Among other things, schools have to determine guilt on the basis of a “preponderance of” rather than “clear and convincing” evidence — that is, on a 51 percent likelihood that the man did it, rather than a 75 percent one. (In these cases, the accused is almost always a man, although the accuser is by no means always a woman.) Neither party is allowed to cross-examine the other, lest direct questioning re-traumatize a victim. Schools must resolve cases swiftly — the original requirement was 60 days, though the latest guidelines leave out the number and simply stress the need for a prompt resolution — even if a criminal investigation is going forward at a slower pace.
That puts a student who wants to defend himself at risk of saying things that could later be used against him in court — and at many schools, he’s not even allowed to let a lawyer speak for him. At least 30 male students, some of whom were suspended or expelled for sexual misconduct, have filed suits against their universities, claiming that the process was unfair.
What should universities do to convince the world that they’re fit to deal with campus rape? First, they should band together and demand that the government rethink its guidelines, especially those that flout the key tenets of due process. Second, they should ask the Office for Civil Rights to clarify its notion of sexual misconduct, now left to each school to define. Is it rape if a man fails to get affirmative consent at every stage of a sexual interaction, or only if he ignores a spoken objection? If a man and a woman are equally drunk, should he be found guilty of assaulting her because she was too intoxicated to agree to sex, even though he himself may have been too drunk to know that? (Right now, at most schools, he would be considered guilty.)
Third, universities should insist that determinations of guilt or innocence rely on a “reasonable-person test,” according to which the accused is only culpable if a reasonable person would have considered his actions to be wrong. Without that standard, his fate may rest on her subjective judgment — if she feels that he imposed unwanted sexual contact on her, no matter what he actually did, then he can be found to have harassed or raped her. (Harvard’s controversial new policy leaves out the reasonable-person standard, which is partly why 28 of its law professors have publicly objected to it.)

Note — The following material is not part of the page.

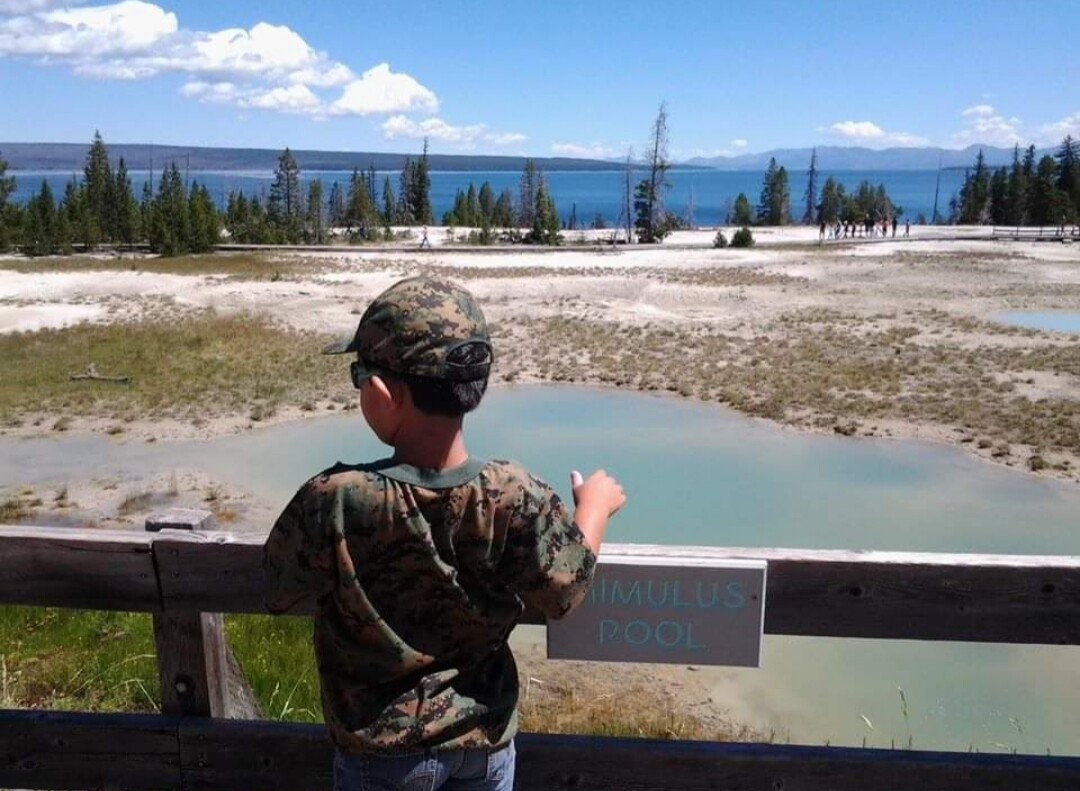 Son taking in the spectacle of Yellowstone Nationa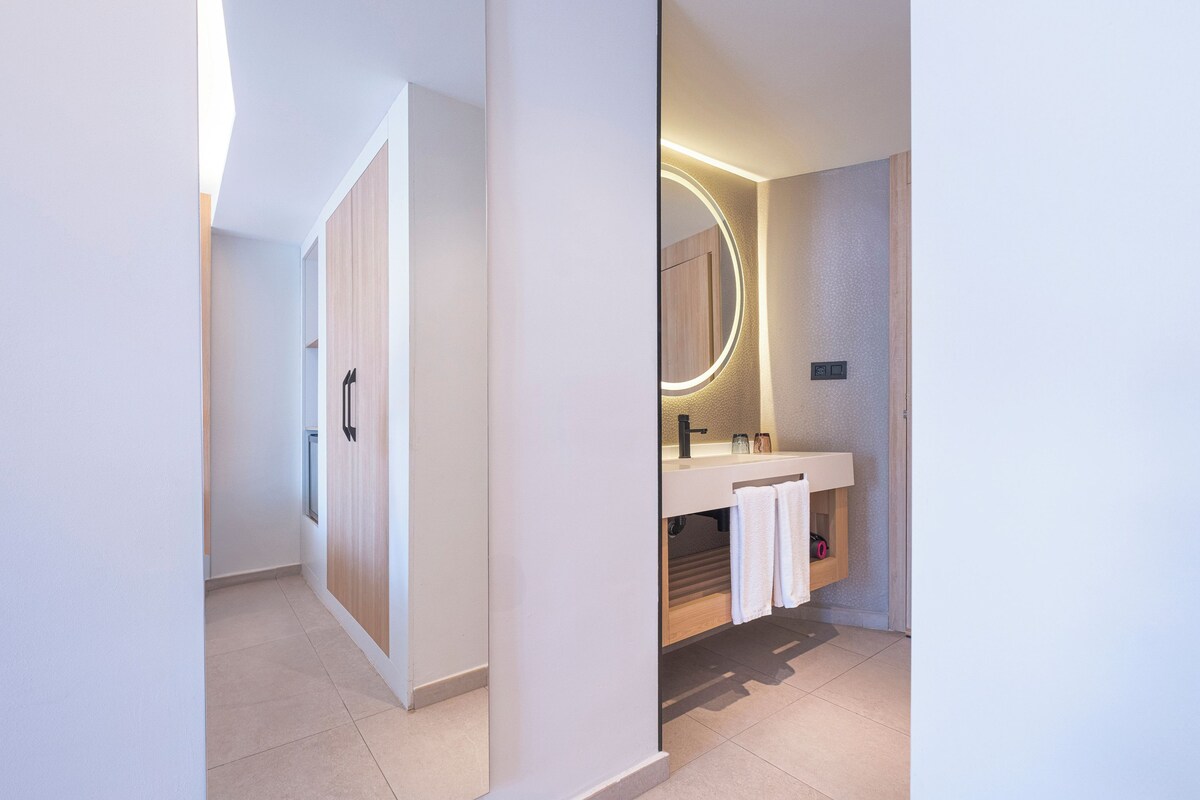 Un baño moderno con tocador, espejo redondo y perchero.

The fourth step, however, may be the most important. Though schools have the right to uphold their own standards of conduct, the government is currently scaring them into creating big, expensive bureaucracies and designing unduly cumbersome policies. Meanwhile, there are many more 18- to 25-year-old rape victims outside the walls of colleges than inside them. The smarter and more public-spirited thing for schools to do would be to divert at least some of their time and energy to forming partnerships with local law enforcement agencies.
It is widely believed that the police are insensitive to rape victims. Universities, on the whole, have a great deal of clout in their communities; they also possess considerable intellectual resources. They could be helping policemen and prosecutors do a better job with sexual violence cases instead of squandering money and good will on their own all-too-easily second-guessed shadow justice systems.